United States of America, Plaintiff-appellee, v. Arnoldo Aispuro-aispuro, Defendant-appellant.united States of America, Plaintiff-appellee, v. Maria Cosme Lopez-angulo, Defendant-appellant, 988 F.2d 122 (9th Cir. 1993)Annotate this Case
Appeal from the United States District Court for the District of Oregon; Nos. CR-91-320-01-JAR CR-91-320-02-JAR James A. Redden, District Judge, Presiding.
Before TANG, POOLE and RYMER, Circuit Judges
Arnoldo Aispuro-Aispuro appeals his sentence following a guilty plea for conspiracy to possess with the intent to distribute cocaine in violation of 21 U.S.C. §§ 841(a) (1) & 846. Maria Cosme Lopez-Angulo appeals her sentence following a guilty plea for knowingly opening and maintaining a place for the purpose of distributing and using cocaine in violation of 21 U.S.C. § 856. Both argue that the district court erred in denying their motions for downward adjustments and departures. We have jurisdiction, 28 U.S.C. § 1291, and we affirm.

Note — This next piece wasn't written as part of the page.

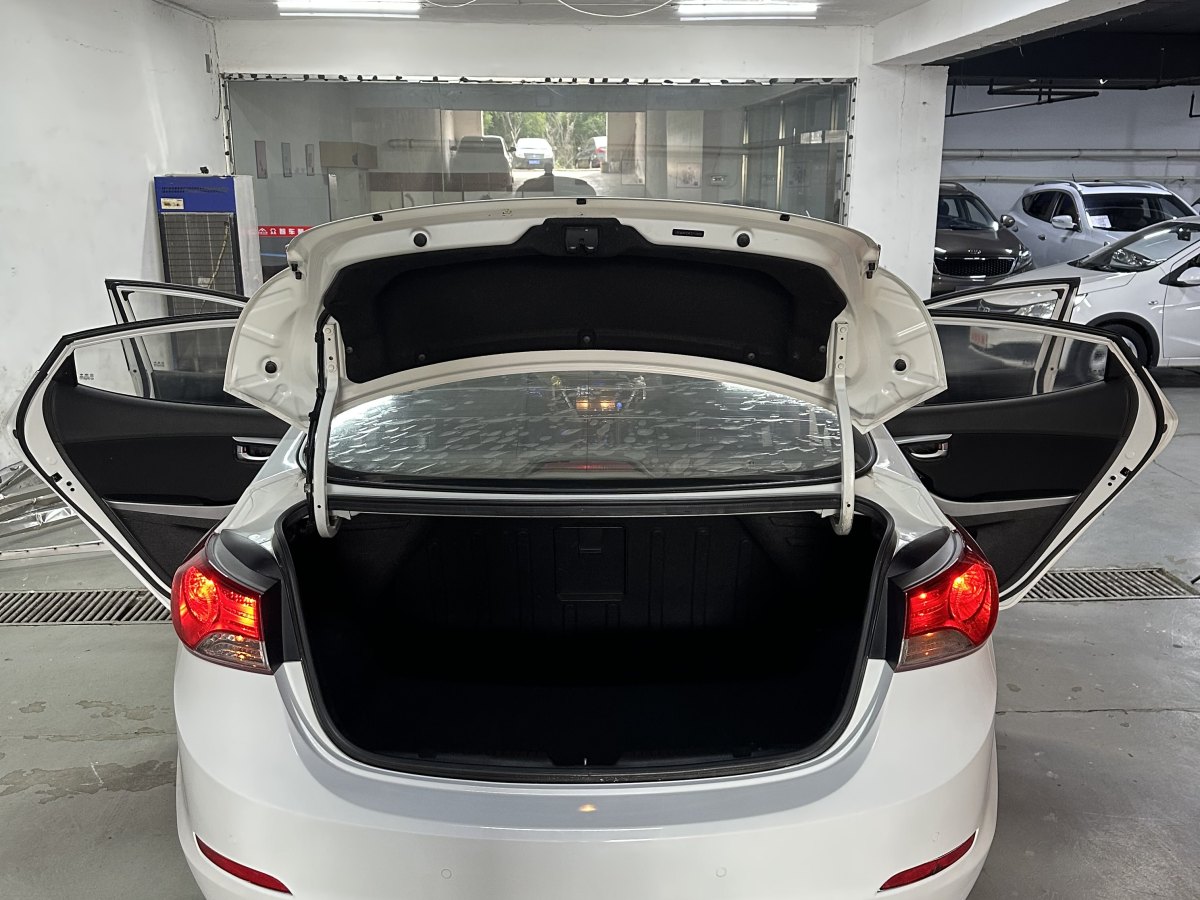 現(xiàn)代 朗動  2015款 1.6L 自動領(lǐng)先型圖片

* Aispuro-Aispuro and Lopez-Angulo argue that the district court erred in finding that neither of them was a minor or minimal participant in the offense under U.S.S.G. § 3B1.2. A district court's finding that a defendant does not qualify for minor participant status is reviewed for clear error. United States v. Prieto-Villa, 910 F.2d 601, 610 (9th Cir. 1990). The district court found that Aispuro-Aispuro's extensive involvement in narcotics dealing did not justify either a minor or a minimal role adjustment. This finding is supported in the record, and Aispuro-Aispuro points to no contrary evidence. Therefore, we find no error.

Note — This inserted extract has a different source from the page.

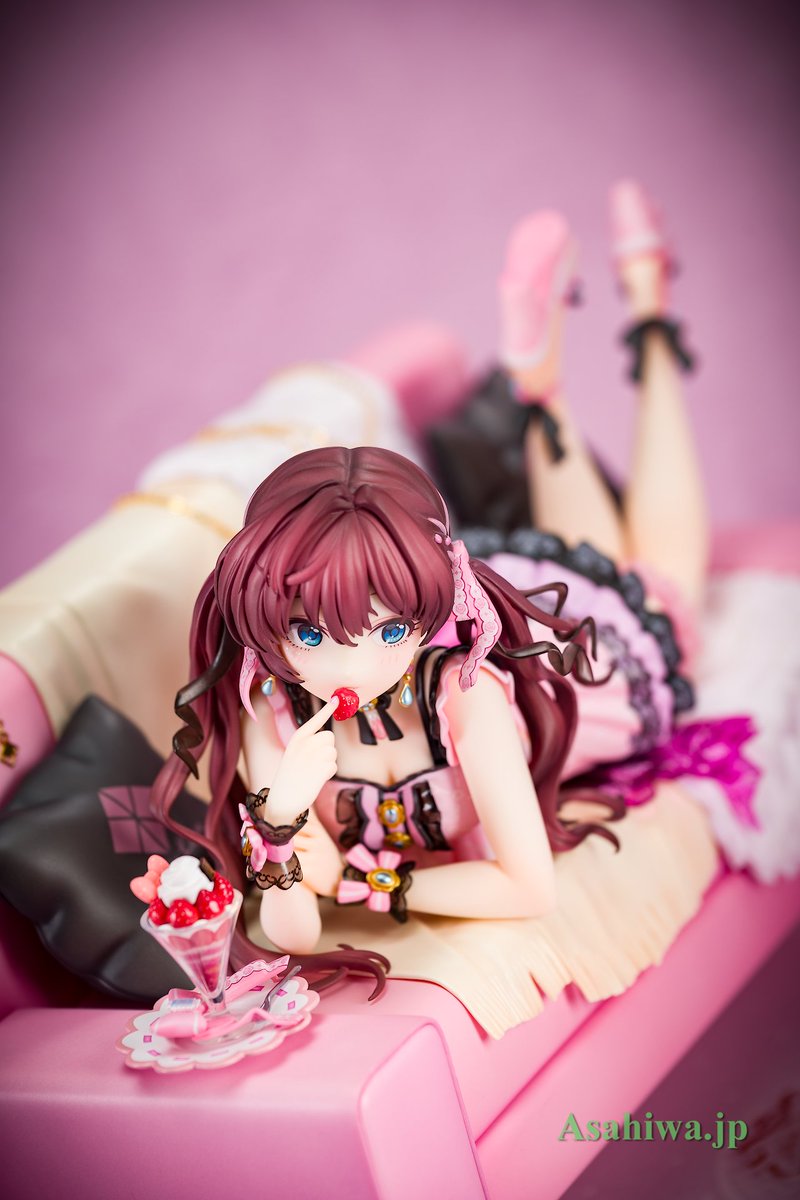Asahiwajp's tweet photo. 「一緒に、でろでろに溶けよ？」アルター アイドルマスター シンデレラガールズ 1/7 一ノ瀬志希 ドルチェ・プエラVer. よつばとフィギュアレビューhttps://t.co/oxCtfqhpWJ https://t.co/v9oR153ieo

The district court found that Lopez-Angulo could not have played a minor or minimal role since she rented a house to be used in the drug transaction. This finding was not clearly erroneous.

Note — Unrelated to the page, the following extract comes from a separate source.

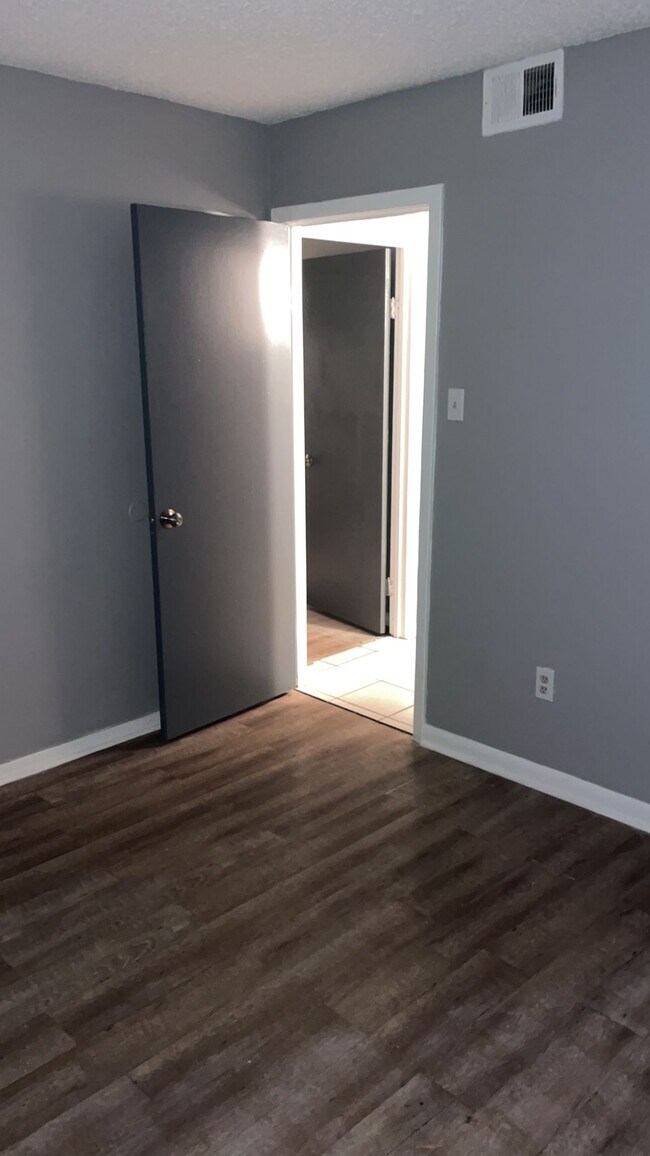 Building Photo - 2827 Sonora Dr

Aispuro-Aispuro and Lopez-Angulo argue that the district court erred in failing to depart downward for extraordinary family responsibilities, citing United States v. Johnson, 964 F.2d 124 (2d Cir. 1992). The district court held that for Aispuro-Aispuro there was "no basis for a downward departure ... because of family responsibilities. Although I am sympathetic to that, a downward departure is not warranted." The district court also refused to depart downward based on Lopez-Angulo's family responsibilities. It found that her case, though unfortunate, "is not atypical of many of the cases that have come before" the court. The district court's refusal to depart downward for Aispuro-Aispuro and Lopez-Angulo was discretionary, and we have held that there is no appellate review of a district court's discretionary refusal to depart downward. United States v. Morales, 898 F.2d 99 (9th Cir. 1990).